Organizations Need Their Information Experts To Step Up


Roger Trapp, Contributor

June 30, 2015

Anybody wondering why – in this age of technology and connection – businesses still seem to struggle to serve their customers need look no further than a recent report from the information storage and management company Iron Mountain. It is widely acknowledged that making the most of data is a priority for businesses. However, the study shows that a lack of understanding between those who manage it and those who use it is making it harder to achieve this goal.

According to Iron Mountain, 89% of U.K. business leaders do not fully understand what their information managers do. In return, 56% of U.K. records and information managers admit they do not know exactly what senior business leaders want and need from information – with 66% confused about the information needs of colleagues in marketing, manufacturing, finance and other departments.

This is concerning enough because of its suggestion that so many people in business are not making as significant a contribution as they could or should be. But it is made all the more serious when one realizes how much more data is likely to be at the disposal of organizations in the coming years.  This was made clear at an event investigating the progress and potential of the Internet of Things hosted last week by the cloud computing and hosting company Rackspace.  Those taking part – including technologists, marketers and lawyers – agreed that the continuing falling prices and increases in computing power set out in Moore’s Law meant that ever more devices would contain sensors that would produce ever more information. Organizations’ problems with dealing with existing amounts of data meant that the significance of the Internet of Things might not be as great as predicted – at least not in the timescale envisaged. In the words of Nigel Beighton, Rackspace’s vice-president of technology and product, international, most companies will struggle with the scale of the task. They were used to dealing with a few transactions, “but the IoT is millions of things happening,” he said.

So, what is to be done? The most obvious thing is that business leaders need to pay a lot more attention to what is going on in their IT systems. For years now, it has been apparent that technology is too important to be left to the technologists. Such has been the proliferation of systems and so widespread is their application that there really is no such thing as a non-technology business. Consequently, it is no longer acceptable for senior executives to take only a passing interest in the technology. They need to be challenging their specialists, not just to make sure that they have adequate systems in place to prevent security breaches and the like but also to use the technology to produce advantages and insights that their competitors do not have.

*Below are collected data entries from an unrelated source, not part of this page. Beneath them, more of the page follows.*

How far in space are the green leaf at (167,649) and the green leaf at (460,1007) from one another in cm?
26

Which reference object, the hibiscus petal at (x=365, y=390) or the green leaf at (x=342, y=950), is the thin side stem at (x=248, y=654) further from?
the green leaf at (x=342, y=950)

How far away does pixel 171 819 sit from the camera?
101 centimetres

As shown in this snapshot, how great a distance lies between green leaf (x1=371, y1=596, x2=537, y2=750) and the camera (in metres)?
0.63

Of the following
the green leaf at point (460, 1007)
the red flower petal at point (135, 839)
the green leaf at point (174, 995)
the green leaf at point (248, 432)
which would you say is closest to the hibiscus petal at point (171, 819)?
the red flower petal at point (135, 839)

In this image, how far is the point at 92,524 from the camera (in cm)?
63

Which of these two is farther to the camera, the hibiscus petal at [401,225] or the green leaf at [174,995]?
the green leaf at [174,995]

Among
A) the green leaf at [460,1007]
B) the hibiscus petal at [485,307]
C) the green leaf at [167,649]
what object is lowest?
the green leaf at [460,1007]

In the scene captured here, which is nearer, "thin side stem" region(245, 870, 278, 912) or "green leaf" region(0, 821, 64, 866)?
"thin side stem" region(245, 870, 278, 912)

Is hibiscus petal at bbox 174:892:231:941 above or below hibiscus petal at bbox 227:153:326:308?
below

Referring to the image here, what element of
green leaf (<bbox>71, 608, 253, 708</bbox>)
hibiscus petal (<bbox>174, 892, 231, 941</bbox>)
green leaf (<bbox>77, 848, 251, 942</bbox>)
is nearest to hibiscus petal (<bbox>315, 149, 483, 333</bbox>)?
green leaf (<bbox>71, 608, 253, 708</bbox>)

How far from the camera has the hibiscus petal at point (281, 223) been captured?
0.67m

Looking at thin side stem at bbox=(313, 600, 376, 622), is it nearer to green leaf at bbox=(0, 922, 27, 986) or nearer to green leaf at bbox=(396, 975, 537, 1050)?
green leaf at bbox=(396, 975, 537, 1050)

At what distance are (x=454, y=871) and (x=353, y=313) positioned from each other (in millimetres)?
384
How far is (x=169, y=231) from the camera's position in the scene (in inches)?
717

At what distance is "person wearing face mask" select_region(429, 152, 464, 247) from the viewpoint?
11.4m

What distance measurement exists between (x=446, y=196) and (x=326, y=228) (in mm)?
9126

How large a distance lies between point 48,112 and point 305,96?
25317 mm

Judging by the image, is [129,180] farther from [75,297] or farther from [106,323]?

This last part, of course, is the hard bit. This is because it requires people with a wider range of skills than are needed for keeping records straight. The latest survey of chief information officers (an increasingly common post in executive suites) by the research company Gartner indicates that “not only do CIOs expect, and aspire to, a leading role in digitalization, their CEOs expect them to step up and lead the digital charge.” It adds:

To seize this unique opportunity — and ensure that their enterprises survive and thrive in an increasingly digital world — CIOs must accept the ‘digital now, digital first’ reality, address long-standing challenges in value and risk management that could thwart digitalization, and replace pragmatic command and control with vision and inspiration. In short, they must radically ‘flip’ from long-held behaviors and beliefs, to digital leadership.

That all sounds great. But the reality is likely to be rather different. Not least because of the shortage of people likely to possess the combination of skills and attributes needed to fulfil the role. At Iron Mountain, Sue Trombley, managing director of thought leadership, is closely involved in attempts to define “what the new generation of information professional looks like.” Having the “data analytics skill set” is clearly a part of that. But so great is the demand for such people from government bodies as well as leading companies like Amazon and Google that it will be hard for other organizations to recruit them.

As new generations move up organizations there is likely to be less of a gap in understanding between technologists and more general managers because of younger people’s greater familiarity with technology. Indeed, Trombley predicts that this will contribute to “more democratization of data”, with more employees understanding the opportunities on offer. Conversely, though, the role of the specialist information manager could become more demanding, since more will be expected of them and they will be more likely to be challenged by people who have at least some understanding of data. Not everybody currently carrying out that role will relish this attention, but for the right person with the confidence to take a place in the top team, opportunity knocks.